Step 5 - Summarize calibration error numerically
------------------------------------------------
A compact scalar summary can help readers compare the curves before
they inspect the figure.

We compute the mean absolute deviation from the perfect-calibration
diagonal across the available nominal probabilities.

.. GENERATED FROM PYTHON SOURCE LINES 333-370

.. code-block:: Python


    def mean_abs_reliability_gap(df_rel: pd.DataFrame) -> float:
        return float(
            np.mean(
                np.abs(
                    df_rel["observed_freq"].to_numpy(float)
                    - df_rel["nominal_prob"].to_numpy(float)
                )
            )
        )


    df_summary = pd.DataFrame(
        [
            {
                "model": "Overconfident",
                "mean_abs_gap": mean_abs_reliability_gap(rel_over),
            },
            {
                "model": "Balanced",
                "mean_abs_gap": mean_abs_reliability_gap(rel_bal),
            },
            {
                "model": "Conservative",
                "mean_abs_gap": mean_abs_reliability_gap(rel_cons),
            },
            {
                "model": "Calibrated",
                "mean_abs_gap": mean_abs_reliability_gap(rel_cal),
            },
        ]
    )

    print("")
    print("Mean absolute reliability gap")
    print(df_summary.to_string(index=False))

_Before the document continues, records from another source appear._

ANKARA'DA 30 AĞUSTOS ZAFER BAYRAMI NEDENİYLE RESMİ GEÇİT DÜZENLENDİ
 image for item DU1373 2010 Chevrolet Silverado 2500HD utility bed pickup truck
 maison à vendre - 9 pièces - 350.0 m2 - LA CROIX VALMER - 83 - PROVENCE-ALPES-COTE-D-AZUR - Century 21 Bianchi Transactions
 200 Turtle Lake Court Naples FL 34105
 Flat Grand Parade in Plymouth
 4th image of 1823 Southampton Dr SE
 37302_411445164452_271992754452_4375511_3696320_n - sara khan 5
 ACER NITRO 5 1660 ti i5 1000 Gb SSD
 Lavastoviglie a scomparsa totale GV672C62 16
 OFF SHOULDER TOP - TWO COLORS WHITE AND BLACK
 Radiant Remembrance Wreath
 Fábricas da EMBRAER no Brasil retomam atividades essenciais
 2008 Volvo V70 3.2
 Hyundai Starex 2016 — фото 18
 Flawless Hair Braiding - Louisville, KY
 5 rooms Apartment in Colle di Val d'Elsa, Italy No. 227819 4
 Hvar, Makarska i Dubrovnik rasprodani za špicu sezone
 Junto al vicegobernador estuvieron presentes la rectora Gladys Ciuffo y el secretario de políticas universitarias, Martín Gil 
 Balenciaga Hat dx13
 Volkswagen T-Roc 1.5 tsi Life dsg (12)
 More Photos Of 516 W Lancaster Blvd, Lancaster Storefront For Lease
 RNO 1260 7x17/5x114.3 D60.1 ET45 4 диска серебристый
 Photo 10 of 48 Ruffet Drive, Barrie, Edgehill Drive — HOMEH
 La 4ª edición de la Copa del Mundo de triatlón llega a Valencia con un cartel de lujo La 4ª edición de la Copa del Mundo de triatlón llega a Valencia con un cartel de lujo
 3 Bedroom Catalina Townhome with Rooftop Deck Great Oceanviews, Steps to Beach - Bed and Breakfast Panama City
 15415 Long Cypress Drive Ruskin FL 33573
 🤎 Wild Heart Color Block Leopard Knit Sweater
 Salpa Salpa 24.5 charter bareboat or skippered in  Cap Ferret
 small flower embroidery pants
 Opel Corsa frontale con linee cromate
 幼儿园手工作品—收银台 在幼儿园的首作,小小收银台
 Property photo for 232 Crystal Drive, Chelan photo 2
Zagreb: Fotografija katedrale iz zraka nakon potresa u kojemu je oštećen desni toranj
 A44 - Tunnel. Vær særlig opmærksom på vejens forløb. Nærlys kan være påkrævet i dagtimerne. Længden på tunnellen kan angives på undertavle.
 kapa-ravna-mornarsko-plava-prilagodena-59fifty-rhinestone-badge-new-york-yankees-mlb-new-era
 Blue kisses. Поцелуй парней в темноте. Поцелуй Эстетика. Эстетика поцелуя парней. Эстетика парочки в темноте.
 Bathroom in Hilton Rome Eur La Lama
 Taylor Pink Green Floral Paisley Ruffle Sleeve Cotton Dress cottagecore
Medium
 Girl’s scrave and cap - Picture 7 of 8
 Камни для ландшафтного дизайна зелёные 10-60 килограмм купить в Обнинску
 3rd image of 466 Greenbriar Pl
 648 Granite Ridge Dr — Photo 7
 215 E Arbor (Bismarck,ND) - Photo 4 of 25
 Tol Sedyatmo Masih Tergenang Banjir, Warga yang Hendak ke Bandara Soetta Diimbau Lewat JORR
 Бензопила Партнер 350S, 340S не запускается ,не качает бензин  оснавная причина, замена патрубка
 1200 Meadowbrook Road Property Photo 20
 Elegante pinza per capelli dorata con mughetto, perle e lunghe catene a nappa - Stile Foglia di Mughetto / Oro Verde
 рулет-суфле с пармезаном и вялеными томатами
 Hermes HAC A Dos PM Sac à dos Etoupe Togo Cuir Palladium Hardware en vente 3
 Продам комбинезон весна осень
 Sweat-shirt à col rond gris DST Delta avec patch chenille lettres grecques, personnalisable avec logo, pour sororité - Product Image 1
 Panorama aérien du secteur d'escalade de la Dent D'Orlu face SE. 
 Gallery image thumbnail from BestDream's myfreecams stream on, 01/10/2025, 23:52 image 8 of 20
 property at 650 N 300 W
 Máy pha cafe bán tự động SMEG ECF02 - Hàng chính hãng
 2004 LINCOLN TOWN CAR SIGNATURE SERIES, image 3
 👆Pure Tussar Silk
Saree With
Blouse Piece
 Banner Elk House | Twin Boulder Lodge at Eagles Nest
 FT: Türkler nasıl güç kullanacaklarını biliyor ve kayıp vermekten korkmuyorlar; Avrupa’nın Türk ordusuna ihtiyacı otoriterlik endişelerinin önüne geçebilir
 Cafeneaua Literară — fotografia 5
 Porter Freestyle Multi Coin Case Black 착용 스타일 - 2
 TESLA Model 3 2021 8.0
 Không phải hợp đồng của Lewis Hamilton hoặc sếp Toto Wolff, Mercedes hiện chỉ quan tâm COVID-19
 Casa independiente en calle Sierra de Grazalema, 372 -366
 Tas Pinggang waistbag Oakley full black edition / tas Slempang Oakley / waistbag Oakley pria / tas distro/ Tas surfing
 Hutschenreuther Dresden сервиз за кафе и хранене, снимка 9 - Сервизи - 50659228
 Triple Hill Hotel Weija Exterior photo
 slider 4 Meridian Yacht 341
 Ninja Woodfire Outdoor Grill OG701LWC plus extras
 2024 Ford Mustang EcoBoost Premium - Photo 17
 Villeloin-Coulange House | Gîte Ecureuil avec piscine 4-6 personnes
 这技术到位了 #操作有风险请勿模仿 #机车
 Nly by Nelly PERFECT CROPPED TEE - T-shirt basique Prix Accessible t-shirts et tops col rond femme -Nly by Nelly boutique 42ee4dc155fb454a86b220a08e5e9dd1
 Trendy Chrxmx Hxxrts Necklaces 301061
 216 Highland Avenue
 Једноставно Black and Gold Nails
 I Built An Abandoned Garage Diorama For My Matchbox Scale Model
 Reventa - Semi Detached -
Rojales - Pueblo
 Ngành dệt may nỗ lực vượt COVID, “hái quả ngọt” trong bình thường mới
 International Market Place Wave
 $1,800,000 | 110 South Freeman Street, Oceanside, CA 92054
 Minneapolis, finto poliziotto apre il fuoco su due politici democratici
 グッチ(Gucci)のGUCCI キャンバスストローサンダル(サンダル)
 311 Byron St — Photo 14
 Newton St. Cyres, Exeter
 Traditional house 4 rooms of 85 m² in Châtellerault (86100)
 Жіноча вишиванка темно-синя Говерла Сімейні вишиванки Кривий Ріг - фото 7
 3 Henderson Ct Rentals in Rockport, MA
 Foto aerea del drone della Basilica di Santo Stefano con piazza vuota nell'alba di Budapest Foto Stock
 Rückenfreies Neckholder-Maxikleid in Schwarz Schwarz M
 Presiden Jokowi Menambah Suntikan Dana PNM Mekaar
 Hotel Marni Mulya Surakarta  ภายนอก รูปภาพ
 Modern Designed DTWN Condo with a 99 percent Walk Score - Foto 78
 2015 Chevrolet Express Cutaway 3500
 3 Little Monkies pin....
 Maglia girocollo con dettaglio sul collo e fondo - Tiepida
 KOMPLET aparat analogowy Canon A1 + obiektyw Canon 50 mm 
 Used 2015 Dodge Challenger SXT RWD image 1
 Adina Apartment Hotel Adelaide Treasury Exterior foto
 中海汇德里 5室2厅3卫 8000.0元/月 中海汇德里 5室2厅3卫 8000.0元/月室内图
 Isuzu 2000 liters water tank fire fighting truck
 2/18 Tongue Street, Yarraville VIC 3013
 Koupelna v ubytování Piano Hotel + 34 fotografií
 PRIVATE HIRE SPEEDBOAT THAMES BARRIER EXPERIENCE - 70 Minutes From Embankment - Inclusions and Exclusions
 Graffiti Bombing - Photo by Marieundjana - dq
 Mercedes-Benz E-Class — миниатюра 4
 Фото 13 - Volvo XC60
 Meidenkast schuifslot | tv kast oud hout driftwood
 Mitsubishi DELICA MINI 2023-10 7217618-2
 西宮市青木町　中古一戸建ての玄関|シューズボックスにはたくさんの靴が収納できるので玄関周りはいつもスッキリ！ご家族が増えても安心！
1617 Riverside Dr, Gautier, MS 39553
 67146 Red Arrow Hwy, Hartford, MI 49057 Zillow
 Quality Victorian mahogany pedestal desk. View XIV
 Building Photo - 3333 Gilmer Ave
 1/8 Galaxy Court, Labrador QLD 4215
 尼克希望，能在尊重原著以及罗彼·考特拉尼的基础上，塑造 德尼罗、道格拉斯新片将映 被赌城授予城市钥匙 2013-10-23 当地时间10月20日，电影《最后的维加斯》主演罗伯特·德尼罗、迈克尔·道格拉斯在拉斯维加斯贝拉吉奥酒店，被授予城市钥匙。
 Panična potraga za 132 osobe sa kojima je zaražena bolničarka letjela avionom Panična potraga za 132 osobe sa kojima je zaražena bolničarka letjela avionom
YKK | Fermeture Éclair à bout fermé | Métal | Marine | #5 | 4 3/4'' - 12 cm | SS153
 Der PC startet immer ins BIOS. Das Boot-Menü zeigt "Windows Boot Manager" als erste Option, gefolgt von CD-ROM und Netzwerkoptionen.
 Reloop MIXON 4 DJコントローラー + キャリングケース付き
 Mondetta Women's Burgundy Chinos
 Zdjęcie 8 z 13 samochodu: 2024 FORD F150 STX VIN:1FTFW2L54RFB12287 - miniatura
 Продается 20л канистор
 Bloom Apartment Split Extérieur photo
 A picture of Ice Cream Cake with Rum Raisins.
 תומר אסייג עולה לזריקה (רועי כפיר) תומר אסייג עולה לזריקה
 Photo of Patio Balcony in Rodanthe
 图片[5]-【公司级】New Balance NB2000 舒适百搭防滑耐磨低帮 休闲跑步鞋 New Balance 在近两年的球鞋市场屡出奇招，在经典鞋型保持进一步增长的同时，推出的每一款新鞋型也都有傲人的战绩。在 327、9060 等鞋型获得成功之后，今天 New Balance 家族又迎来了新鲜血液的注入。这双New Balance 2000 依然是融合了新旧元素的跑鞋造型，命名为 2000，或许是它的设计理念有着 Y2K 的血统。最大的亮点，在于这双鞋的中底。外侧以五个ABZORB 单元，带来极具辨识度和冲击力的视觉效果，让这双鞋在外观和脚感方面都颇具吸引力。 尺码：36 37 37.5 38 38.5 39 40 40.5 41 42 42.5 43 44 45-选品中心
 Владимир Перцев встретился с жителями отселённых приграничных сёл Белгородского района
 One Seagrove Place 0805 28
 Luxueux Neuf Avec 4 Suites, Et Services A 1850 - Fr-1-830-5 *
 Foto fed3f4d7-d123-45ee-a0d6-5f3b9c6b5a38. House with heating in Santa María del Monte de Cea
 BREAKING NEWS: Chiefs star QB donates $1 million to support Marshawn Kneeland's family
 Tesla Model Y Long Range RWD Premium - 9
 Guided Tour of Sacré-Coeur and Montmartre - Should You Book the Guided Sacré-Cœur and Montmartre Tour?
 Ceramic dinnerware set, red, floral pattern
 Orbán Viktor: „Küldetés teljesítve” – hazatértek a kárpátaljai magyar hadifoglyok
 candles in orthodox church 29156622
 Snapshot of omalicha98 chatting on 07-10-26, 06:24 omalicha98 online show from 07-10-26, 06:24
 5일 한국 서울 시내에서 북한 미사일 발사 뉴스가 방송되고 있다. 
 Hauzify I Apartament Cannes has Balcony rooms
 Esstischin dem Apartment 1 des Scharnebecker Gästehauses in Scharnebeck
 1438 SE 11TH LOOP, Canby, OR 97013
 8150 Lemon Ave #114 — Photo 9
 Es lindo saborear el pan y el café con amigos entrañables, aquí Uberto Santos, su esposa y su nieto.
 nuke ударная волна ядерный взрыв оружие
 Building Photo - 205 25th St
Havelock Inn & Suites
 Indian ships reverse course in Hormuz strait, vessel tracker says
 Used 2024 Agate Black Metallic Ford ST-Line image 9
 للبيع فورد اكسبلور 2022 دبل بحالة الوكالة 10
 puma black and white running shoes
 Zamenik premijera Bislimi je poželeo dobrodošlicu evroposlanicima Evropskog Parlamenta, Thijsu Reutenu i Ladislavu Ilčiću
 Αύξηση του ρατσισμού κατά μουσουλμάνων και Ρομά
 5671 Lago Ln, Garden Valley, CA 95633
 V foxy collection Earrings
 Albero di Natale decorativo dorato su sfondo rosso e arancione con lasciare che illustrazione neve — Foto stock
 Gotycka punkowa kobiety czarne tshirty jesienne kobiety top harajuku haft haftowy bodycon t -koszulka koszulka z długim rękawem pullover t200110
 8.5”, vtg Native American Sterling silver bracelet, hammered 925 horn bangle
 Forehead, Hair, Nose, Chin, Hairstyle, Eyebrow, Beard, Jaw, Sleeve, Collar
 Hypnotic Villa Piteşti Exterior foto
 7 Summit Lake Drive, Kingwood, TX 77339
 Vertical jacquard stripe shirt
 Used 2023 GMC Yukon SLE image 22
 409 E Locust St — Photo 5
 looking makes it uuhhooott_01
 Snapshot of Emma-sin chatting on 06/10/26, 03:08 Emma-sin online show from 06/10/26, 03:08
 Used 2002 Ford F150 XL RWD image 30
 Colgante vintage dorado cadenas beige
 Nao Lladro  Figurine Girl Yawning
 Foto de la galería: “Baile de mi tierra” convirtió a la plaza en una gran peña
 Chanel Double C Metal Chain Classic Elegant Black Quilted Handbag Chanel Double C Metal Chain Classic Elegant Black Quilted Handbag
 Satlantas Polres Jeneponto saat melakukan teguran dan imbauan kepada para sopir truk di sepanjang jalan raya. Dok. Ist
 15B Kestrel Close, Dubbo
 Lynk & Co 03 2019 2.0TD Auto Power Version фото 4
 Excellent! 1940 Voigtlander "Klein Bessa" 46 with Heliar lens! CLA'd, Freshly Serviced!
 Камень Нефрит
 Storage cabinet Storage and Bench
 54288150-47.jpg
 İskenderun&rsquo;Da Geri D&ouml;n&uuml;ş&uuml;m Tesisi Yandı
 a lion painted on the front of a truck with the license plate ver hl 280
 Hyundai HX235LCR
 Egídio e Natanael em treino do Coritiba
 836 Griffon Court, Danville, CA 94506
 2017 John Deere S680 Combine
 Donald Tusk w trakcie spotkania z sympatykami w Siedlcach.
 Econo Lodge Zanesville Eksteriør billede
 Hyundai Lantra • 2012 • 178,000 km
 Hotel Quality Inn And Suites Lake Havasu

.. rst-class:: sphx-glr-script-out

 .. code-block:: none


    Mean absolute reliability gap
            model  mean_abs_gap
    Overconfident        0.1640
         Balanced        0.0368
     Conservative        0.1891
       Calibrated        0.0232


.. GENERATED FROM PYTHON SOURCE LINES 371-378

How to read these numbers
-------------------------
A smaller mean absolute gap means the curve lies closer to the
perfect-calibration line on average.

This is not the only calibration summary one could use, but it is a
simple way to connect the later figure to a numerical comparison.

.. GENERATED FROM PYTHON SOURCE LINES 380-387

Step 6 - Plot the real reliability diagram
------------------------------------------
We now call the actual GeoPrior helper.

The helper accepts a mapping from model names to either DataFrames or
nested dicts. Here we use nested dicts so the lesson can also show
the styling hooks documented by the function.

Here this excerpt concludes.